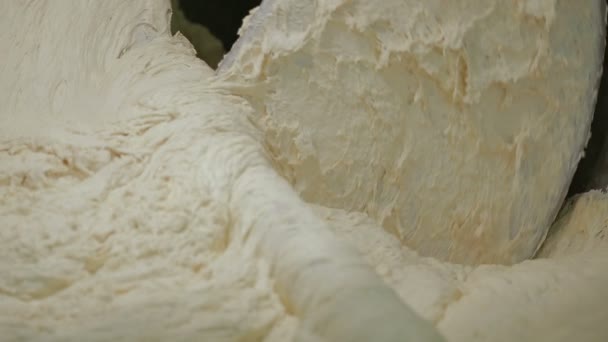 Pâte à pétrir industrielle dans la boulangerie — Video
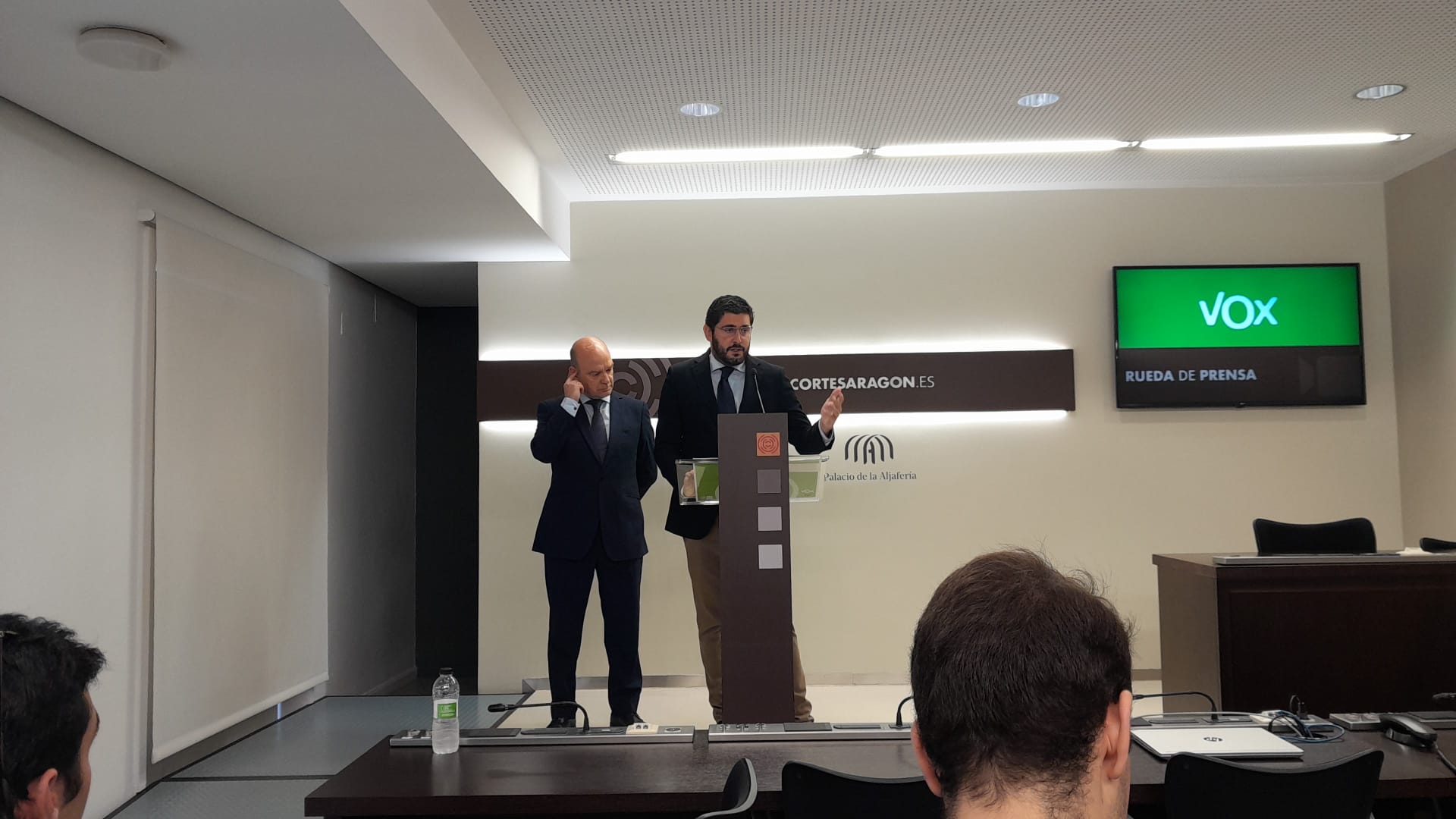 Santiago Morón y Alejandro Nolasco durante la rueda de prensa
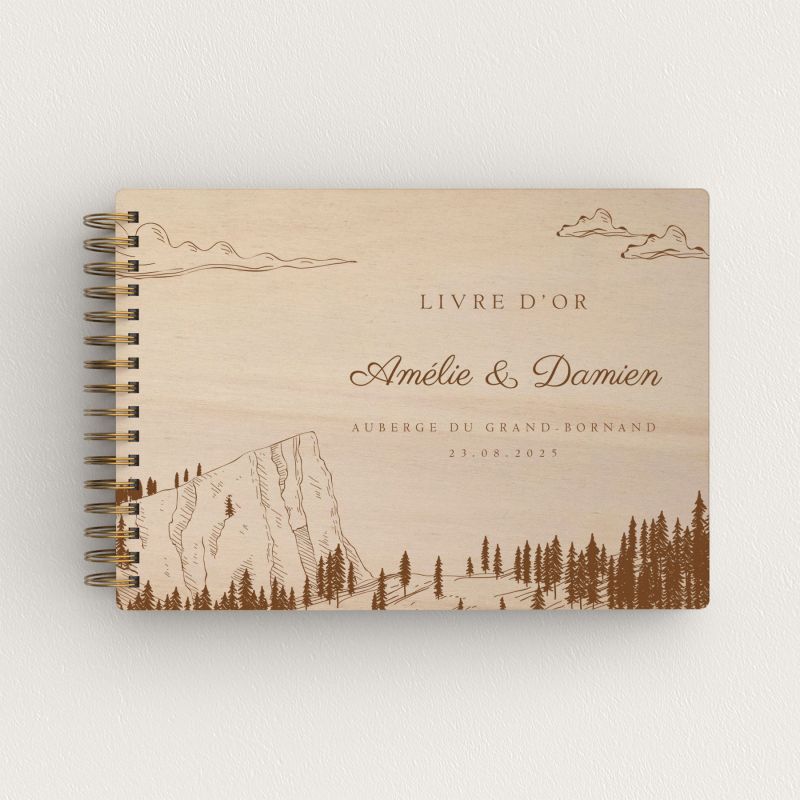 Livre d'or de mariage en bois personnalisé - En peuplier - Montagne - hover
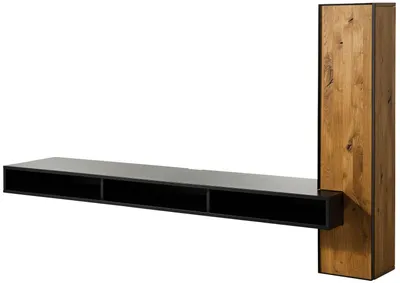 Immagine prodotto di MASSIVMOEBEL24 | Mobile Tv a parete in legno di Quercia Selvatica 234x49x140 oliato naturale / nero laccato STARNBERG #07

What the task asks:
I'd like the data above duplicated exactly, with no pictures included.

Completed exercise:
 Pâte à pétrir industrielle dans la boulangerie — Video
 Santiago Morón y Alejandro Nolasco durante la rueda de prensa
 Livre d'or de mariage en bois personnalisé - En peuplier - Montagne - hover
 Immagine prodotto di MASSIVMOEBEL24 | Mobile Tv a parete in legno di Quercia Selvatica 234x49x140 oliato naturale / nero laccato STARNBERG #07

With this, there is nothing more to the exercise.